CATCHWORDS: LEGAL PRACTITIONERS – delinquency in conduct of appeal – inadequacy of written submissions leading to unacceptable delays and additional work – legal practitioners’ serious neglect causes client to breach duty to assist court to discharge overriding purpose of Civil Procedure Act – wasted costs – whether payable on ordinary or indemnity basis – legal practitioners to pay to the client indemnity costs client ordered to pay other party to appeal – Civil Procedure Act 2005 s 56, s 98, s 99 – Supreme Court Rules 1970 Pt 51 r 40, r 46, r 47
LEGISLATION CITED: Civil Procedure Act 2005
Supreme Court Rules 1970
Uniform Civil Procedure Rules 2005
CATEGORY: Consequential orders
CASES CITED: Degmam Pty Ltd (In Liq) v Wright (No 2) (1983) 2 NSWLR 354
FAI General Insurance Co Limited v Burns (1996) 9 ANZ Ins Cas 61-384
Harrison v Schipp [2001] NSWCA 13
Kendirjian v Ayoub [2008] NSWCA 194
Lake Macquarie City Council v McKellar [2002] NSWCA 90
Oshlack v Richmond River Council [1998] HCA 11; (1998) 193 CLR 72
Re Smith; Ex-parte Rundle (No 2) [1991] 6 WAR 299
Whyte v Brosch (1998) 45 NSWLR 354
PARTIES: David Anthony Kendirjian (Appellant)
Cheree Elizabeth Ayoub (Respondent)
FILE NUMBER(S): CA 40697 of 2006
COUNSEL: J W Conomos (Appellant) (29 October 2007)
A Morrison SC; M McHugh (Appellant) (26 November 2007)
P J Deakin QC; D L Ronzani (Respondent)
SOLICITORS: Eugene Lepore & Associates (Appellant)
Abbott Tout Lawyers (Respondent)
LOWER COURT JURISDICTION: District Court
LOWER COURT FILE NUMBER(S): DC 29/04
LOWER COURT JUDICIAL OFFICER: Delaney DCJ
LOWER COURT DATE OF DECISION: 13 October 2006





                          CA 40697/06
                          DC 29/04

                          BEAZLEY JA
                          McCOLL JA

                          Wednesday 15 October 2008

David Anthony Kendirjian v Cheree Elizabeth Ayoub (No 2)

Judgment

1 THE COURT: In Kendirjian v Ayoub [2008] NSWCA 194, (the “principal judgment”) this Court determined that the serious neglect of Mr J W Conomos of counsel and Mr Eugene Lepore, solicitor (the “legal practitioners”) the appellant’s former legal representatives, had resulted in wasted costs.

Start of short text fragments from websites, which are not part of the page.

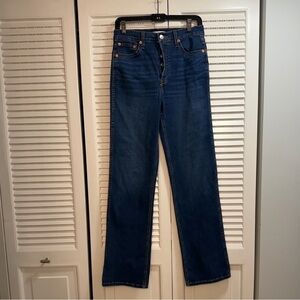 Re/Done Dark Blue Straight Leg Jeans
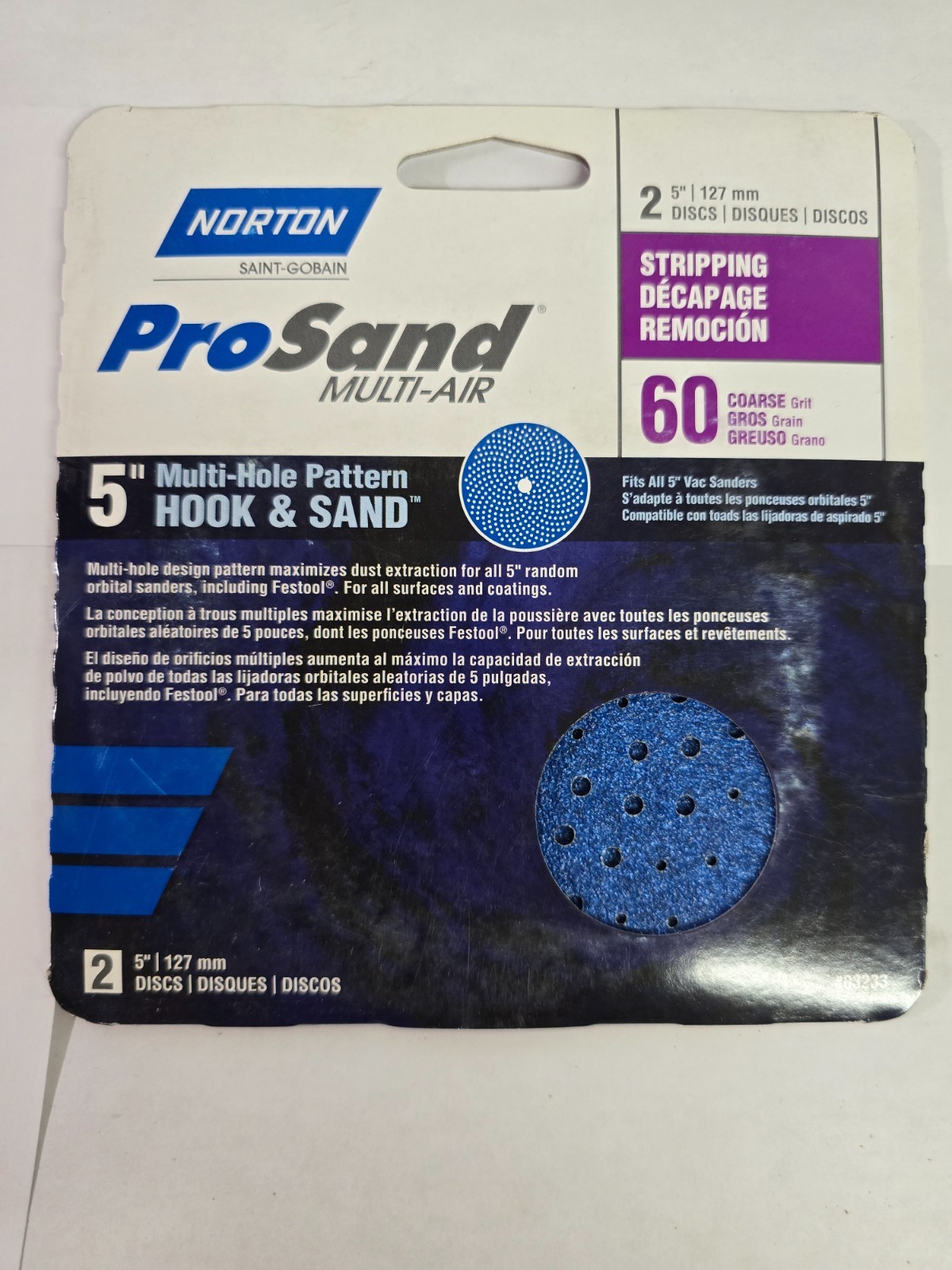 Norton 7660703233 60-Grit Ceramic Abrasive Hook & Loop Sandpaper Disc 5 in.
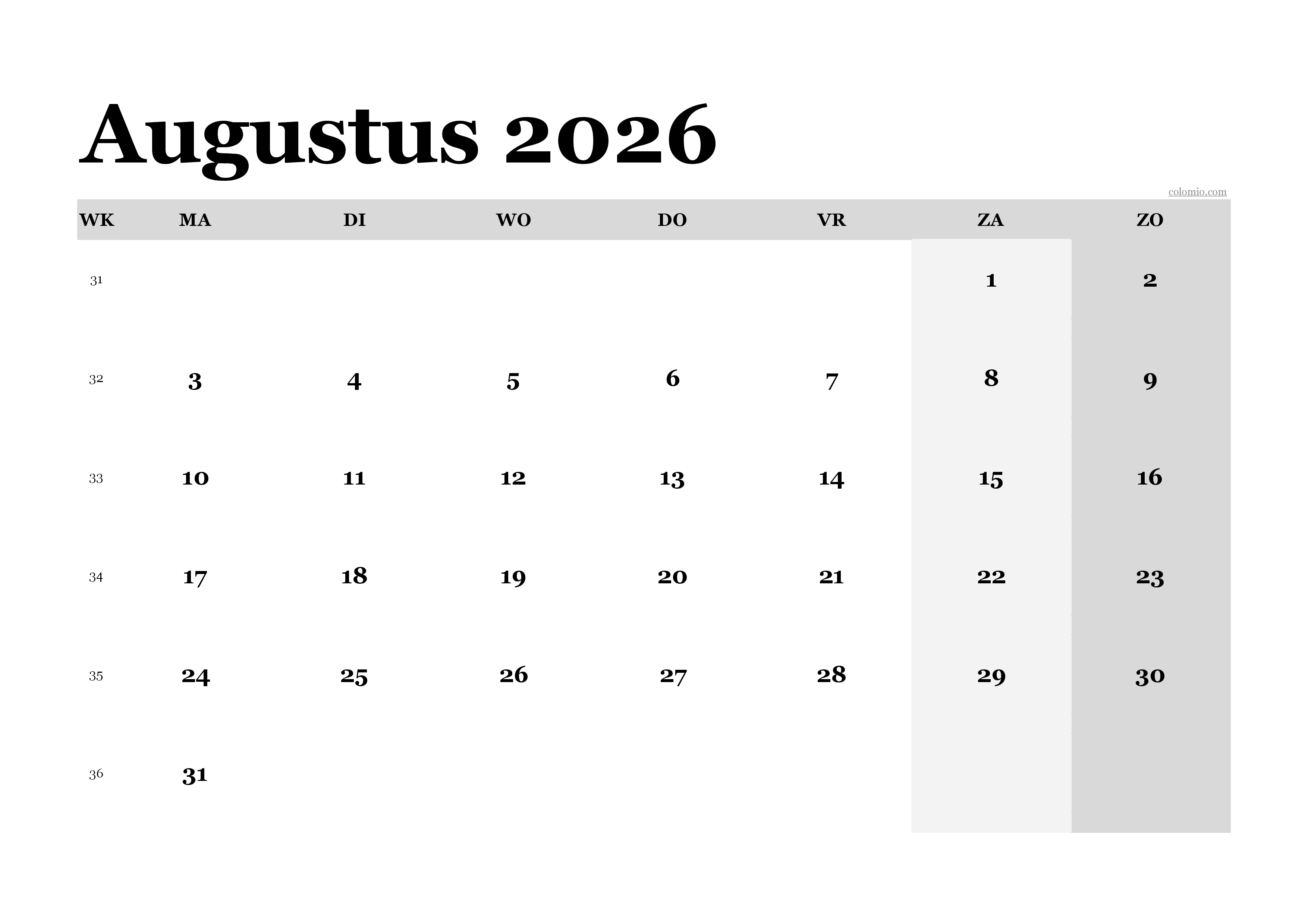 Kalender augustus 2026 klassiek, landschaps-PDF om uit te printen Kalender augustus 2026 klassiek, landschaps-PDF om uit te printen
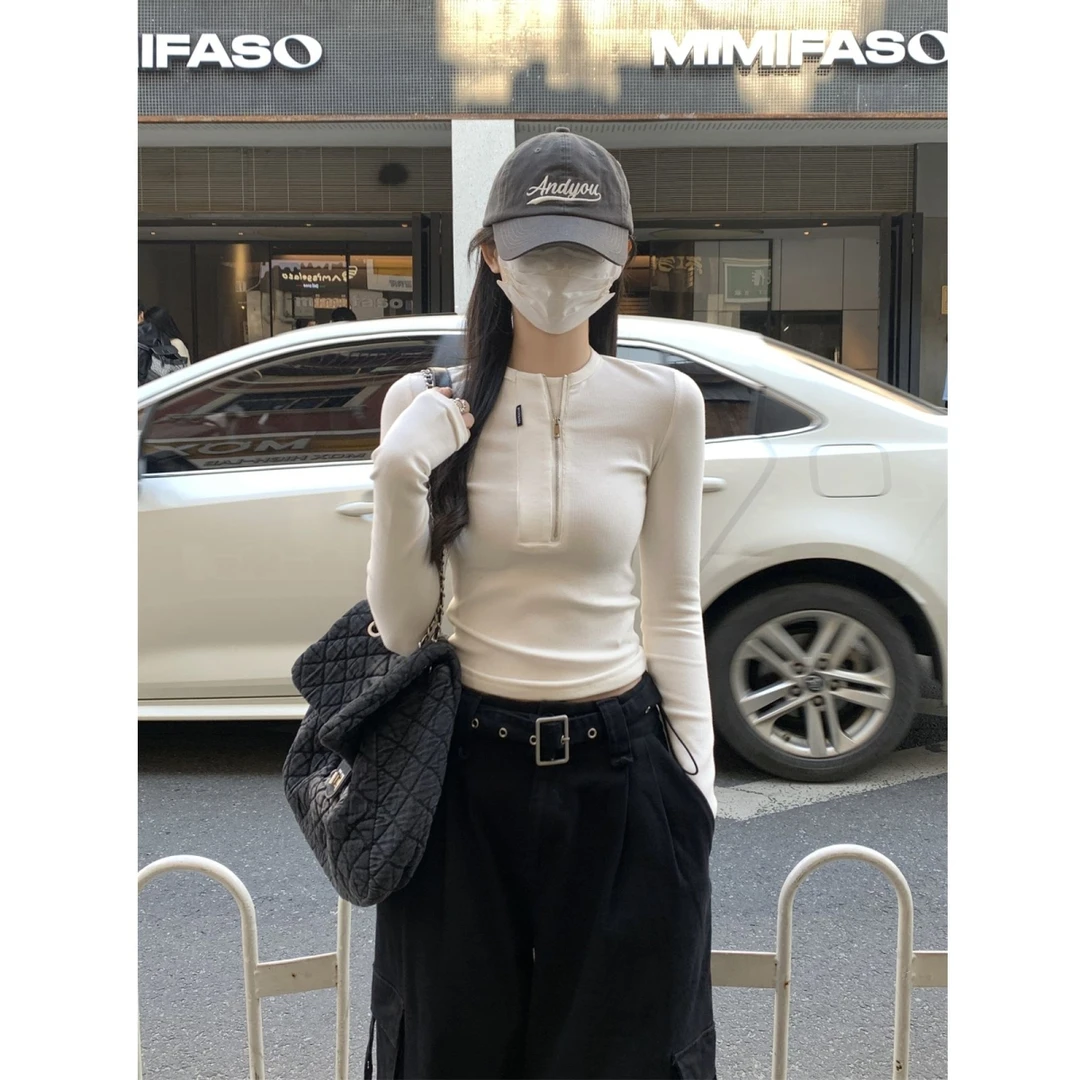 设计感半拉链正肩长袖t恤女2024早秋辣妹紧身内搭打底衫短款上衣
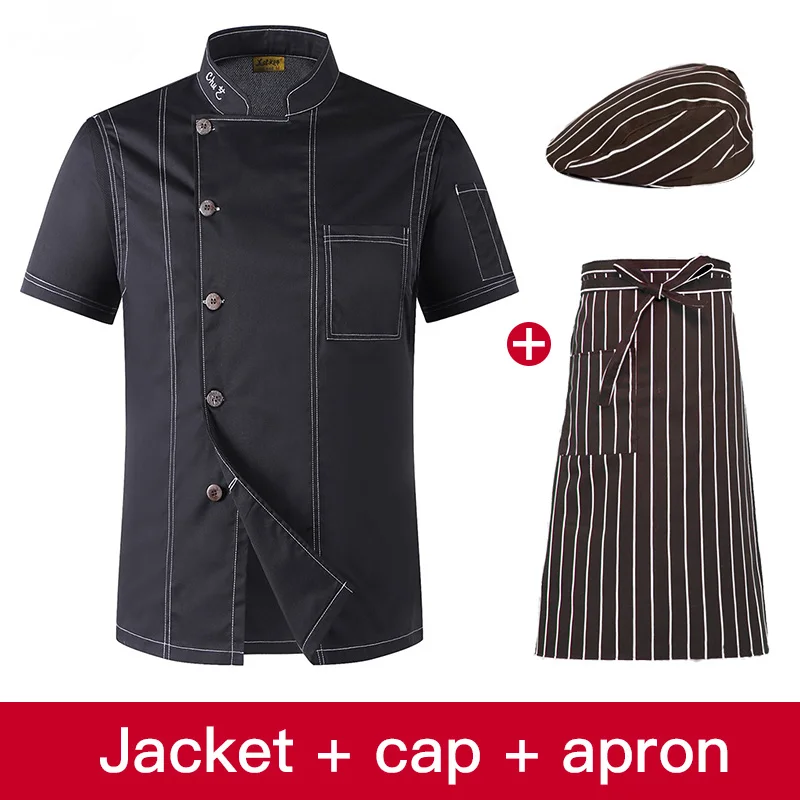 Новое поступление,, мужская униформа для кухни, шеф-повара, ресторана, дышащая двубортная рубашка, куртка для шеф-повара, работает шеф-повара - Цвет: jacket cap apron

2 The Court made the following orders, relevantly:

          “(1) Appeal dismissed with costs.
          (2) Respondent to file and serve within seven days written submissions as to whether any, and if so which, of the costs of the appeal should be ordered to be paid on an indemnity basis.
          (3) Mr Conomos and Mr Lepore to file and serve within a further fourteen days written submissions dealing with:
              (i) what part of the wasted costs should be paid by either or both of them; and
              (ii) whether any, and if so which, of the costs of the appeal should be ordered to be paid on an indemnity basis.
          (4) Leave to the appellant to file and serve within 21 days written submissions dealing with:
              (i) the question of who should bear the burden of the wasted costs; and
              (ii) whether any, and if so which, of the costs should be ordered to be paid on an indemnity basis.”

3 Submissions were received from the legal practitioners and the respondent. The appellant did not exercise the liberty reserved to him to make independent submissions.

4 The respondent submits that the Court found the legal practitioners had each failed to present the appeal properly. She argued that, in accordance with the Court’s findings (at [202] – [216]) and the principles in Whyte v Brosch (1998) 45 NSWLR 354, the legal practitioners should be ordered to pay on an indemnity basis all of her costs thrown away in preparing for, and appearing at, the hearings on 29 October 2007 and 26 November 2007. She submitted that the costs wasted as a result of the legal practitioners’ conduct related to (a) the appeal grounds pleaded, (b) the submissions advanced both in writing and orally up to and including 29 October 2007, and (c) the subsequent Motion heard on 26 November 2007. She sought these costs on an indemnity basis, relying on what she alleged to be the legal practitioners’ “relevant delinquency”: Oshlack v Richmond River Council [1998] HCA 11; (1998) 193 CLR 72 (at 79) per Gaudron and Gummow JJ.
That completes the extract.